From 7dcb378875bff846904d4c5c3252debc88900683 Mon Sep 17 00:00:00 2001
From: Brad Fitzpatrick <bradfitz@tailscale.com>
Date: Mon, 13 Apr 2026 23:20:56 +0000
Subject: [PATCH] tstest/integration/nat, tstest/natlab/vnet: fix natlab test
 flake
MIME-Version: 1.0
Content-Type: text/plain; charset=UTF-8
Content-Transfer-Encoding: 8bit

The natlab-integrationtest CI job frequently flakes by exhausting its
3m go test timeout. The root cause is that the QEMU VMs run under
pure software emulation (TCG) with no KVM. Under TCG, the guest
kernel's timer calibration busy-loops are at the mercy of host CPU
scheduling. When two VMs boot simultaneously on a 2-core CI runner,
one VM's calibration gets starved and produces wrong results, leaving
the kernel with broken timers that prevent it from ever completing
boot — even after the other VM finishes and frees up CPU.

Additionally, the microvm machine type doesn't provide HPET hardware,
but the kernel command line specified clocksource=hpet.

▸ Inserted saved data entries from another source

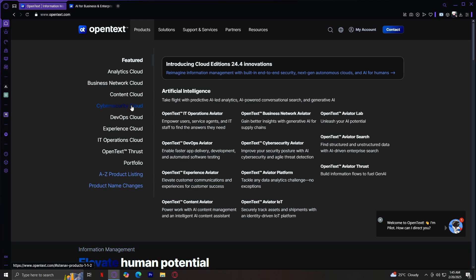Cybersecurity delivers AI-driven security solutions for threat detection, data protection, and compliance. DevOps supports software development and IT operations by enhancing coding, testing, and system monitoring.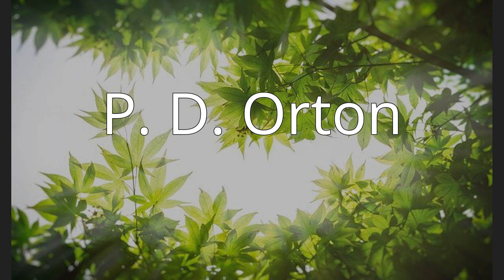Peter Darbyshire Orton, 28 January 1916 to 7 April 2005.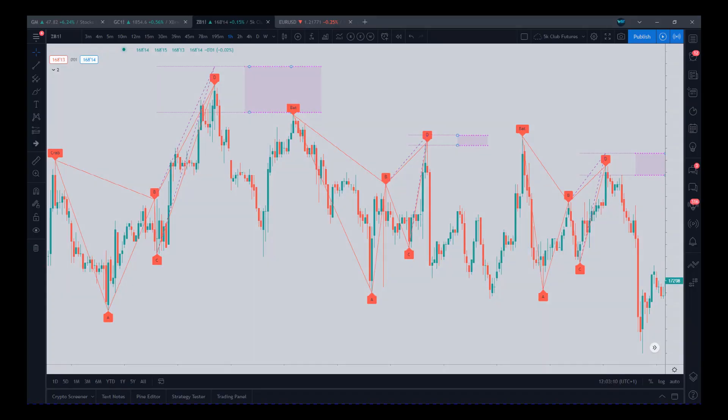Hi, this is Paul from GlobalTradingSoftware.com. I wanted to do a quick video tour of the TradingView version of our auto harmonic pattern software.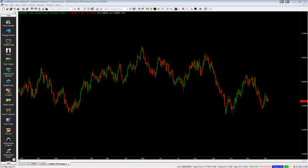Hi, how are you doing? It's Michael from The Indicator Guys and today I'm going to talk to you a little bit about trend lines in TradeStation.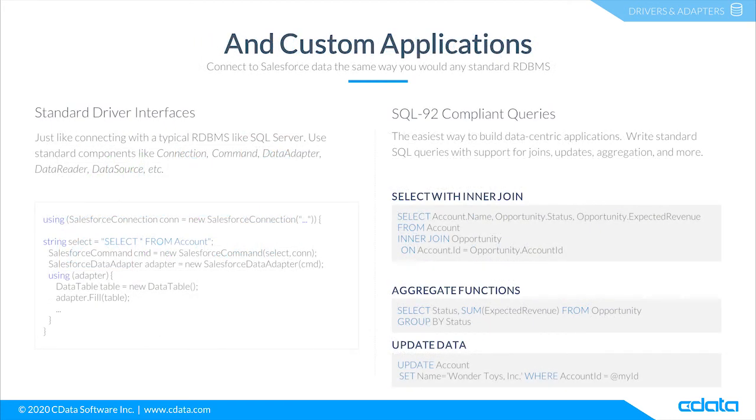And not only do you get access from third-party tools and platforms, but also from custom applications. With the CData connectors, you get access to Salesforce data just like working with the database in every programming language and platform.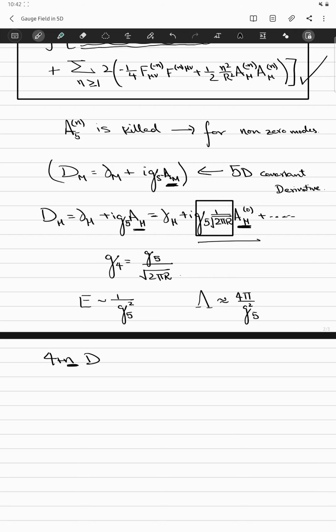We'll get into the details of these KK levels as we move further in this series. This was just an example of how you deal with a gauge field in five dimensions. Next time in the series, we'll look at higher-dimensional gravity, where we'll form a general formalism and look at the decomposition of the Kaluza-Klein states, and see how we get the propagators for gravity.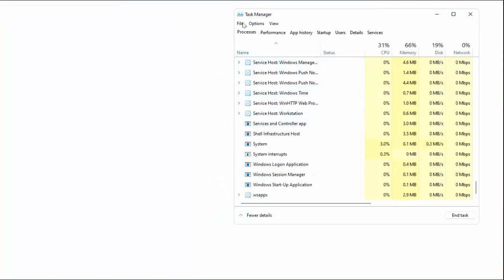After doing this, you can see here file option. Just click on file option and click on run new task.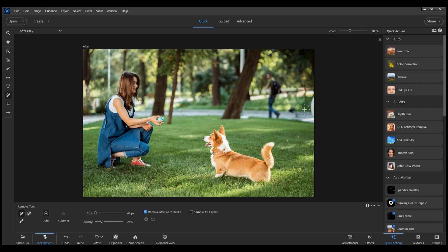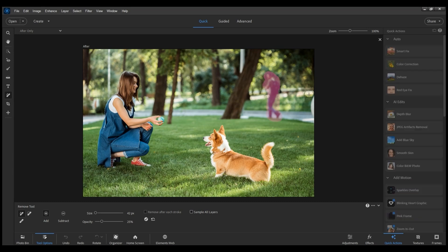If you want to remove multiple objects, you can do so by first unchecking this checkbox, painting over multiple areas, and finally clicking on this Commit option.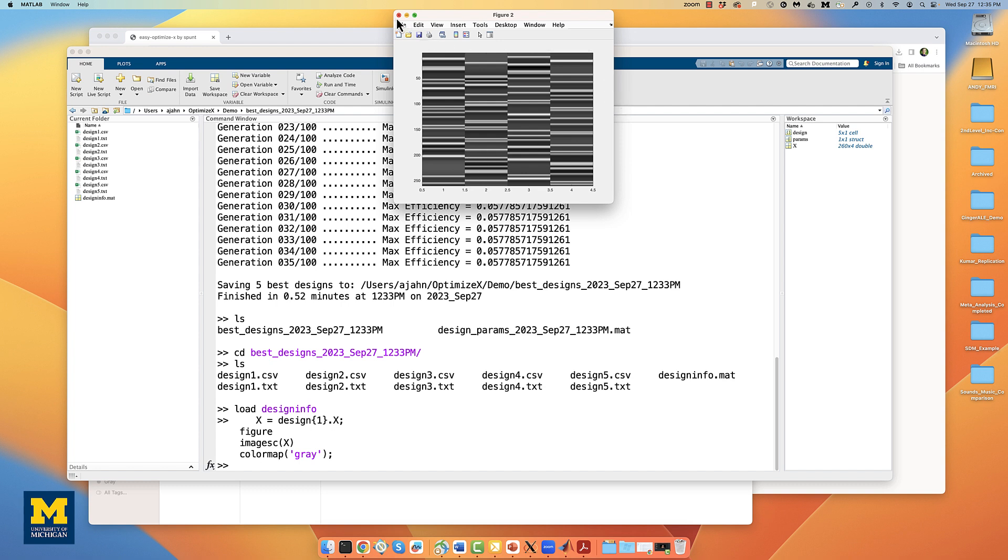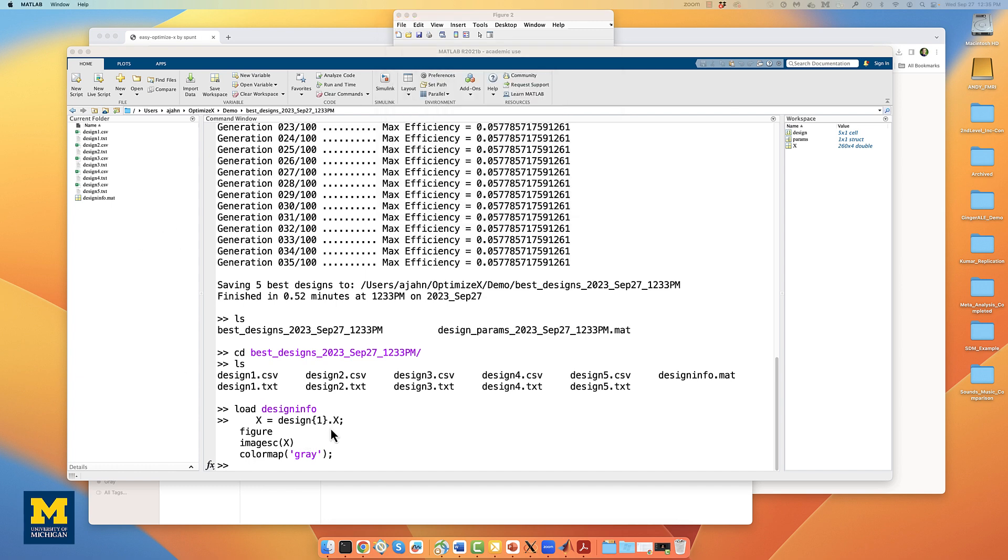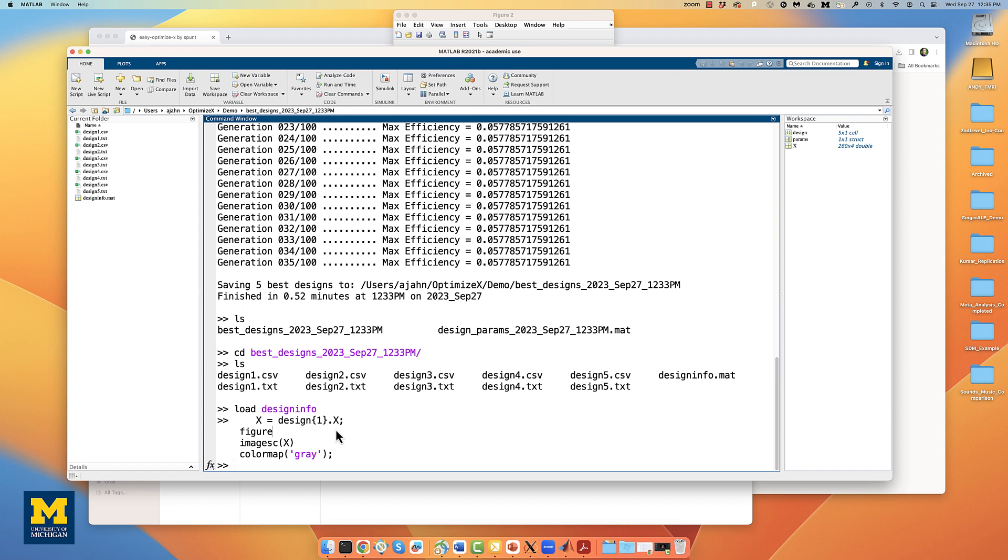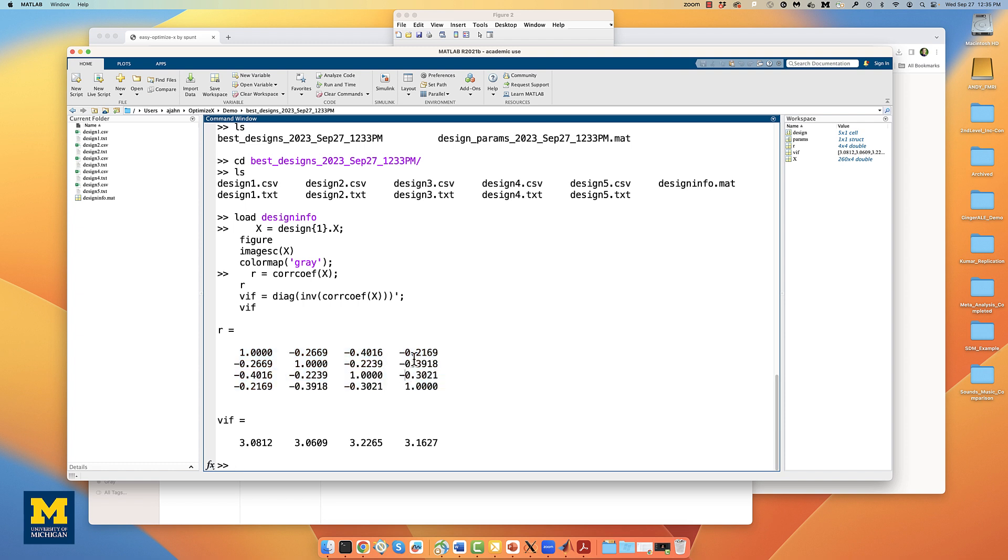With this design matrix, you can also look at the correlation between the regressors and the variance inflation factor by using this following code. R is a correlation coefficient, showing pairwise correlations between each of the regressors. As a general rule of thumb, anything below negative .4 or above positive .4 indicates a moderate correlation and something you might want to look into in more detail.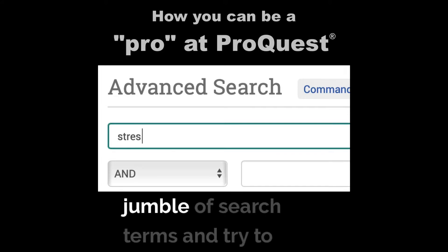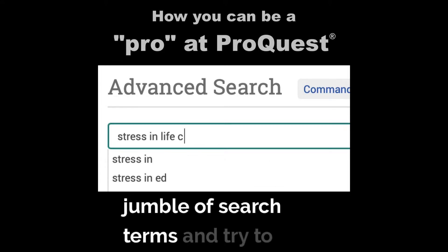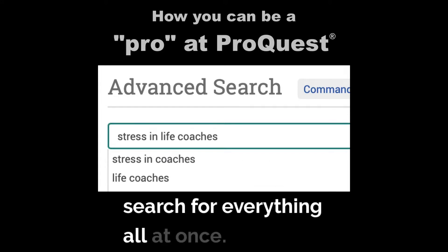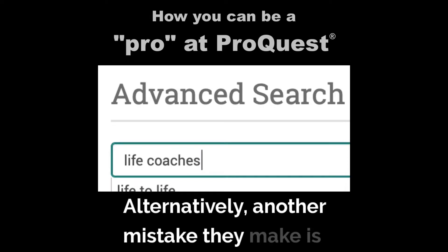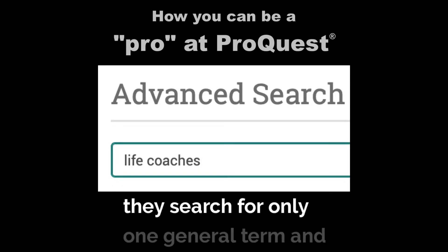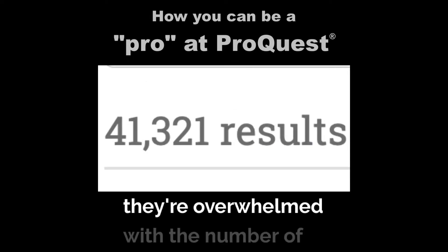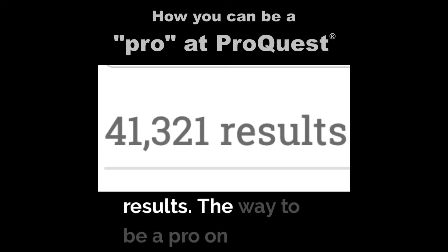What a lot of people do is they create a jumble of search terms and try to search for everything all at once. Alternatively, another mistake they make is they search for only one general term and they're overwhelmed with the number of results.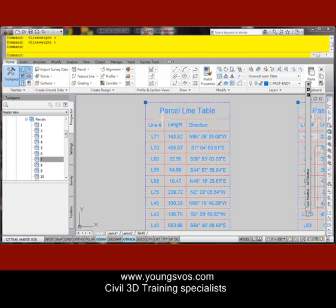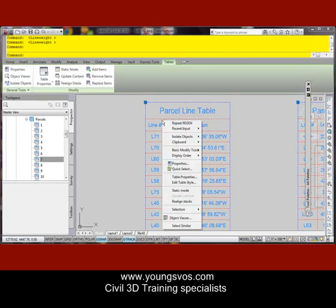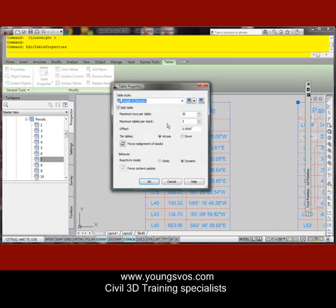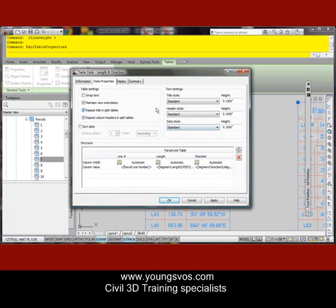Let me show you how to easily fix that problem. When we click on the table, right-click and go to Table Properties, the issue is a little bit hidden — it's down here in the table style. So we're going to take our existing table style and go down here and edit it. Now that's not recommended of course, because that can get you into trouble if others are using the same style within this drawing.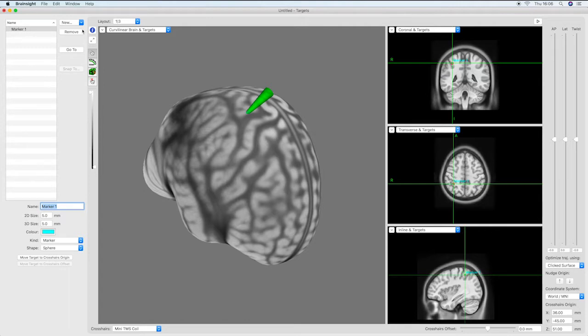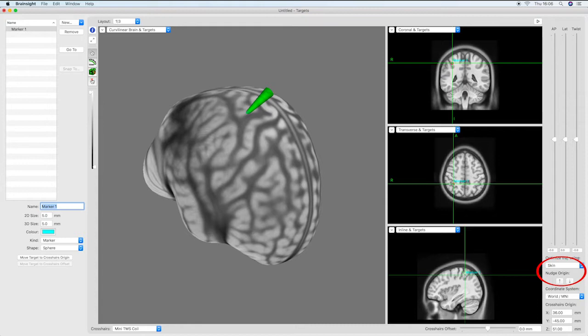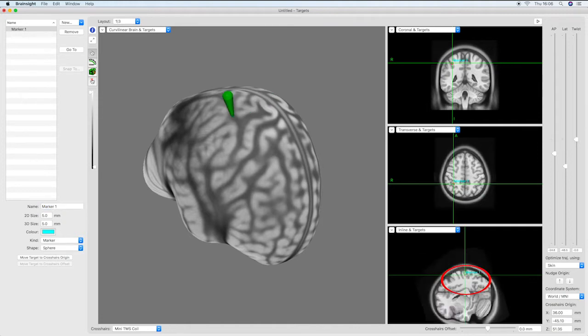Brainsight allows the trajectory to be defined automatically or manually. To automatically optimize the trajectory, select skin in the optimize trajectory using option, then click on the center of the crosshair on the MRI view.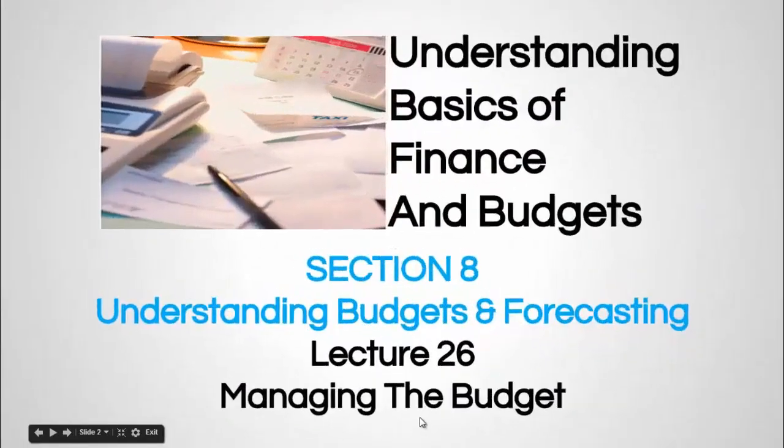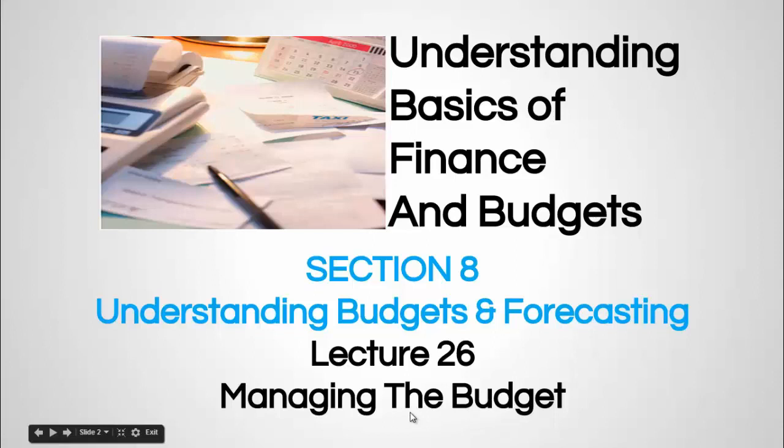In this lecture, we are going to discuss how to manage the budgets.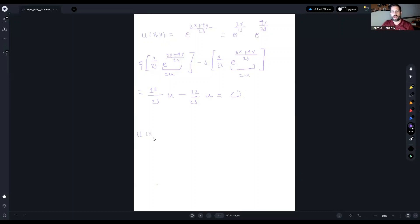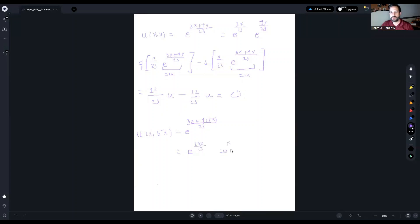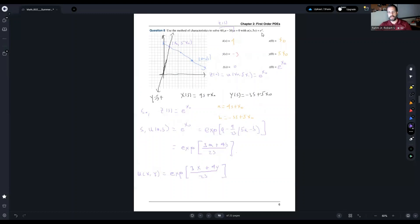Now let's check the Cauchy condition. We compute u(x, 5x): wherever we see y we put 5x, giving e^((3x + 4·5x)/23) = e^((3x + 20x)/23) = e^(23x/23) = e^x. This equals e^x exactly as required by the Cauchy condition u(x, 5x) = e^x. So we're done — set things up systematically and that's how we do these problems.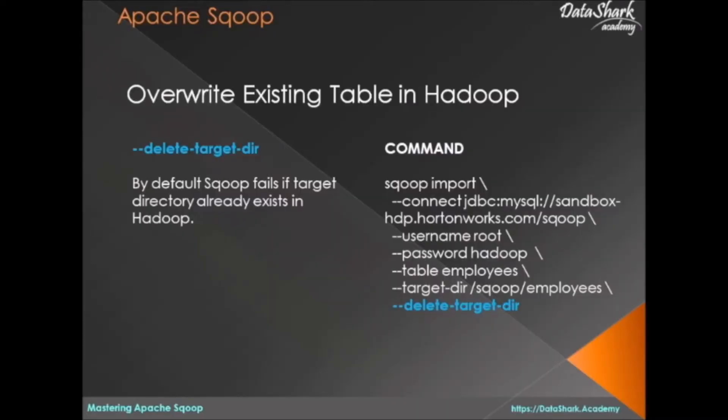Welcome back data sharks. In this lesson we'll see how we can overwrite an existing table in Hadoop. Often you will have to run same table load multiple times, it may be because of some error or you just have new data coming in and you just want to dump everything into an existing table.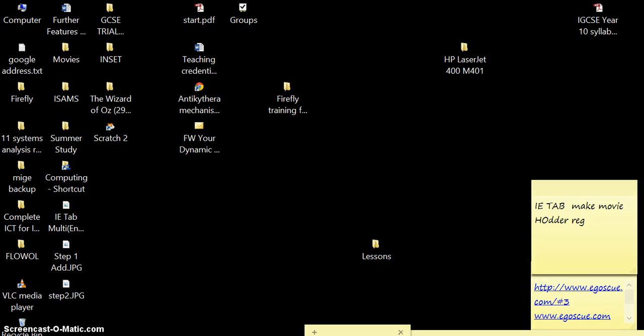Hi, the following screencast is a screen test to show you how to use the Chrome browser with ISAMS by setting up an extension. Otherwise you have to go to Internet Explorer each time.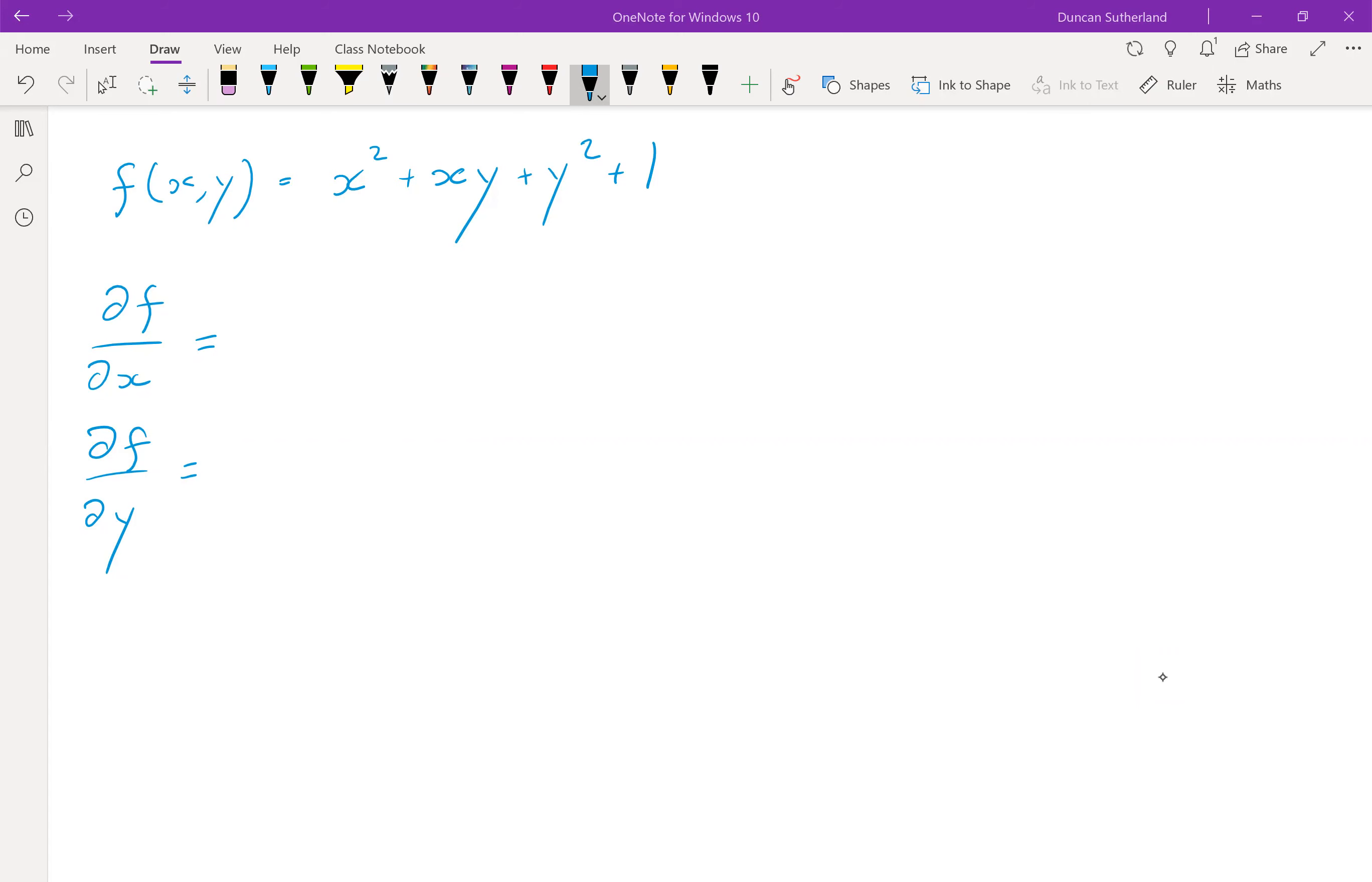So we want to find the two first partial derivatives. That is the derivative of f with respect to x and the derivative of f with respect to y.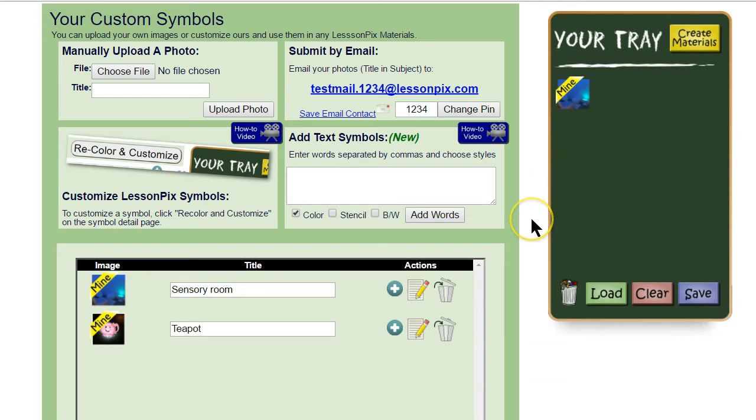This picture can now be used just like any other Lesson Pics symbol — let's drag it to the tray. You can also send in more than one photo at a time. Let's send in all the remaining therapy center pictures.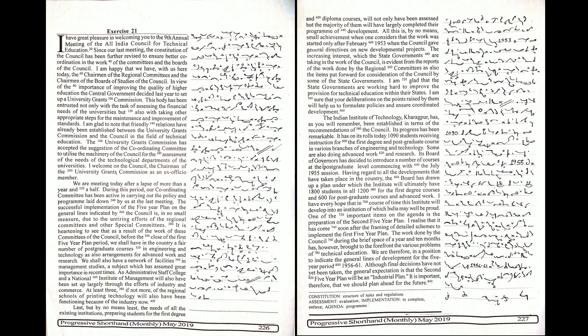Although final decisions have not yet been taken, the general expectation is that the second five-year plan will be an industrial plan. It is important therefore that we should plan ahead for the future. Thank you.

And the VM
image build (make natlab) ran inside the test itself, consuming most
of the 3m timeout budget before the actual test started.

Fix by:

 - Enabling KVM when /dev/kvm is available, so timer calibration
   uses real hardware timers unaffected by host CPU scheduling.

 - Adding a CI step to set /dev/kvm permissions on the GitHub
   Actions runner (ubuntu-latest provides KVM but needs a udev rule).

 - Pre-building the VM image in a separate CI step so it doesn't
   cut into the go test -timeout budget.

 - Replacing the hardcoded 60s context timeout with one derived from
   t.Deadline(), so the test uses the full -timeout budget.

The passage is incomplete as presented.